I presume MIT gets far more applicants with SATs >=1500 (or ACT equivalent) than it can admit.
So the winnowing process is clearly not over at SAT >= 1500.
Surely MIT also looks at courses, GPAs, etc.
But, assuming you have at least a slight cushion built in on these (i.e. you don’t demand a 4.0 uw, or that the kid took 18 AP classes just because that was theoretically possible at their HS), then I’m guessing that if your academic winnowing (for kids at strong HSs) is something like:
SAT>=1500
uwGPA>=3.9
AP courses (or equivalent) >= say, 7 or 8, and strong classes for the non-AP stuff
I would think you’re STILL in a position where you’d need a lot of winnowing.

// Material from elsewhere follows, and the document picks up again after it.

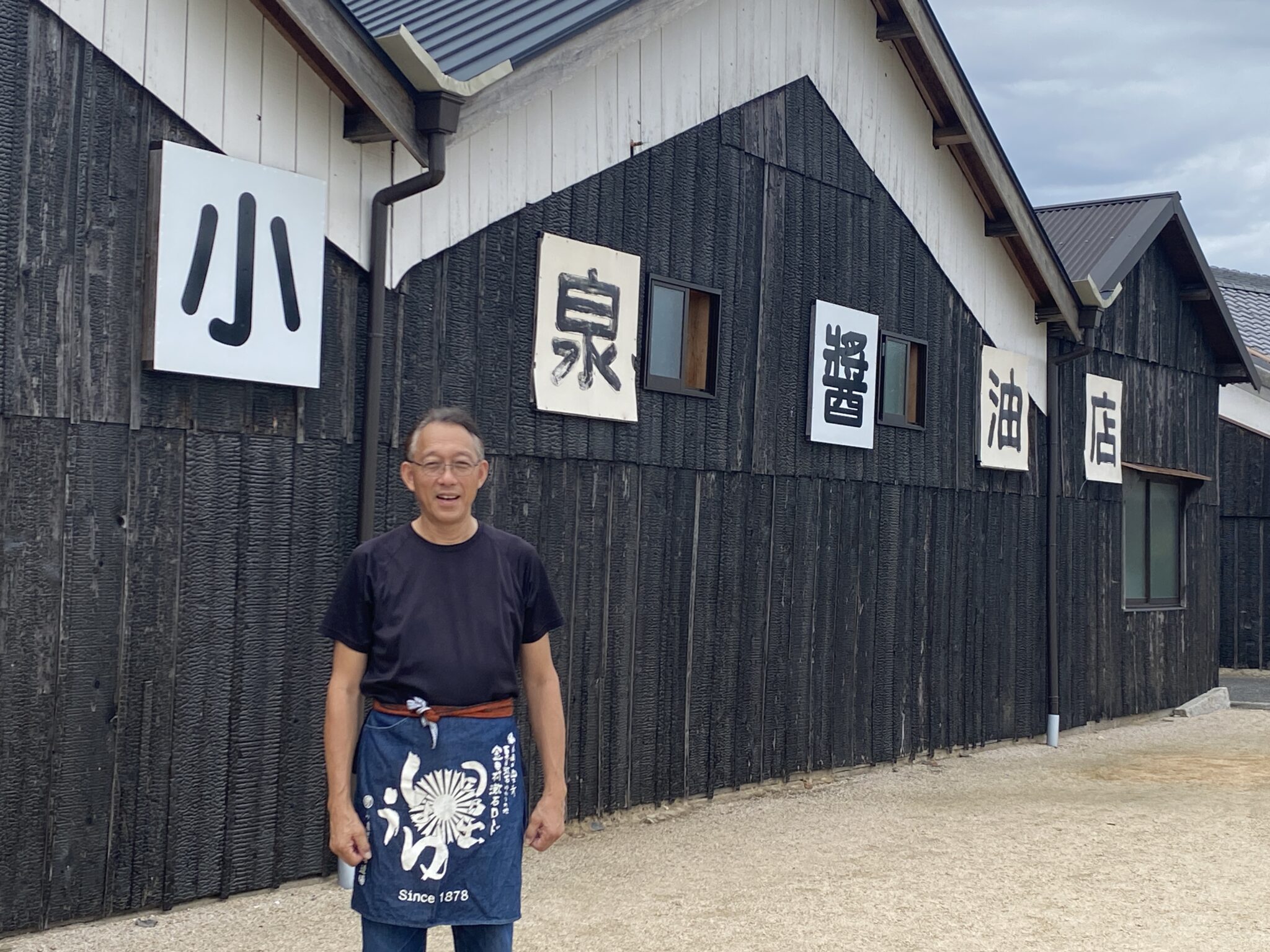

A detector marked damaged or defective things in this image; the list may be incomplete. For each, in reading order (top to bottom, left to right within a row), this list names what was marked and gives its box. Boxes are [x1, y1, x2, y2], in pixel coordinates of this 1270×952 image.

But now you’re onto what, IMO, are the less reliable parts of the application. LoRs, essays, ECs, are all pretty coachable/gameable for high-resource students. And again, I’d guess a pretty high % of applicants are at least reasonably strong in all these areas.
At some point, you need to choose.
You could just do a lottery among qualified applicants (and, from the other side of the table, it feels this way sometimes). But I assume you don’t. So saying that, for the SAT, or any other significant component of the application, there’s a threshold that’s basically pass/fail, and stronger values within the “pass” zone don’t matter - it just seems odd and, frankly, unlikely.
I suppose you might respond that the SAT is ~pass/fail from MIT’s perspective, but the other components are not. But if so, that feels odd, and I’d appreciate a bit of explanation.